100 anos foram necessários para primeira conquista olímpica feminina brasileira
A primeira medalha olímpica feminina foi conquistada só em 1996.
Por: Naiana Gaby
Entre os dias 6 e 15 de abril de 1896, em Atenas, na Grécia, aconteceu a primeira edição dos Jogos Olímpicos Modernos, fundada pelo francês Pierre de Coubertin. A edição, no entanto, foi proibida para mulheres. Coubertin era contra a participação delas em qualquer modalidade, e a presença feminina só foi possível alguns anos depois, em 1900, quando 22 mulheres participaram dos Jogos de Paris. Desde então, várias cidades ao redor do mundo sediaram os jogos, que cresceram a cada edição, tornando-se o maior evento esportivo da atualidade.
O Brasil participa dos Jogos Olímpicos desde 1920, tendo conquistado a primeira medalha em 3 de agosto do mesmo ano, quando Guilherme Paraense, tenente do Exército Brasileiro, ganhou o ouro na modalidade de tiro com pistola rápida, durante os Jogos de Antuérpia (Bélgica).
A segunda e a terceira medalha de ouro do Brasil foram conquistadas por Adhemar Ferreira da Silva, em 1952 e 1956, durante as Olimpíadas de Helsinque (Finlândia) e de Melbourne (Austrália), respectivamente.
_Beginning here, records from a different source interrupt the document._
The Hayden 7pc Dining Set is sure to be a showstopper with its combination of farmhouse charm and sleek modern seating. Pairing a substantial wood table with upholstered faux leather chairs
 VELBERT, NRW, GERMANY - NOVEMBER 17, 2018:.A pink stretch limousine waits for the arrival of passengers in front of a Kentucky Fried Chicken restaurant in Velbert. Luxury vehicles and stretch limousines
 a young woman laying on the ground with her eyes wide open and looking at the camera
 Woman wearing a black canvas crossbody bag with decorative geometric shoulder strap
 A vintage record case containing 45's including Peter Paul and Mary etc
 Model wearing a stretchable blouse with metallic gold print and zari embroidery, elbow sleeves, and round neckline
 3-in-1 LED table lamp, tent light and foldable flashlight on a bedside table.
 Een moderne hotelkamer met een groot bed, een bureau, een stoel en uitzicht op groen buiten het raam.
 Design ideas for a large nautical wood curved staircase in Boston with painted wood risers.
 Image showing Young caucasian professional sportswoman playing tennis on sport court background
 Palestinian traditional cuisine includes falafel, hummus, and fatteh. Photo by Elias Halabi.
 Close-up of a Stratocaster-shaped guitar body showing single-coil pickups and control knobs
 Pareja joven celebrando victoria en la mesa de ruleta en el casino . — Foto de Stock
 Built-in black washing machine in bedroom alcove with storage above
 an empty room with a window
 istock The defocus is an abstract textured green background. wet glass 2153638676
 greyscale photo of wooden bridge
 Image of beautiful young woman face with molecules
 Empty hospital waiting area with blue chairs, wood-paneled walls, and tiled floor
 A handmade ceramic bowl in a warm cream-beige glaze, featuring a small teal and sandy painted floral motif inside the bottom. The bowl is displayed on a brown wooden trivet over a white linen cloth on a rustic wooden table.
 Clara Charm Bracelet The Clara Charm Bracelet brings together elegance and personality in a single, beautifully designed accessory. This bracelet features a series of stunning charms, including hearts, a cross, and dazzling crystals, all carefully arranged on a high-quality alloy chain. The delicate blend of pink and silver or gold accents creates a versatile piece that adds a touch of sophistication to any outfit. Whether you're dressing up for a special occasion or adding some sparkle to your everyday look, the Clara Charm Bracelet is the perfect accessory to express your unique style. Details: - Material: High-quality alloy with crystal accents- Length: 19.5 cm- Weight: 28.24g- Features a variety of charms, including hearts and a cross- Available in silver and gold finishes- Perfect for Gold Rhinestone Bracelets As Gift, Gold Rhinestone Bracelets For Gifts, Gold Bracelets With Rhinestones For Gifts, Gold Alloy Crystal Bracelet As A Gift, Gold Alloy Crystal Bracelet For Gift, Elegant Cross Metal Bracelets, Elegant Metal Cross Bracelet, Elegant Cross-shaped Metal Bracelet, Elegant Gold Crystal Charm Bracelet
Adhemar competiu no atletismo e levou as medalhas ao disputar as provas de salto triplo.
Em 1980, 1984, 1988 e 1992, o Brasil também conseguiu trazer algumas medalhas importantes para casa, todas conquistadas por homens. E isso não é uma mera coincidência. O contexto histórico e social faz toda a diferença quando falamos de mulheres no esporte, especialmente no Brasil. Vem entender!
A mulher e o esporte no Brasil
Até o final do século XIX, as mulheres brasileiras não tinham chance e nem o direito de praticar esportes. Cumprindo os papéis de esposas e mães, elas eram incentivadas a praticar apenas atividades consideradas mais delicadas, como piano e canto, reforçando o estereótipo de fragilidade. Por outro lado, historicamente, os homens sempre praticaram exercícios voltados para a força.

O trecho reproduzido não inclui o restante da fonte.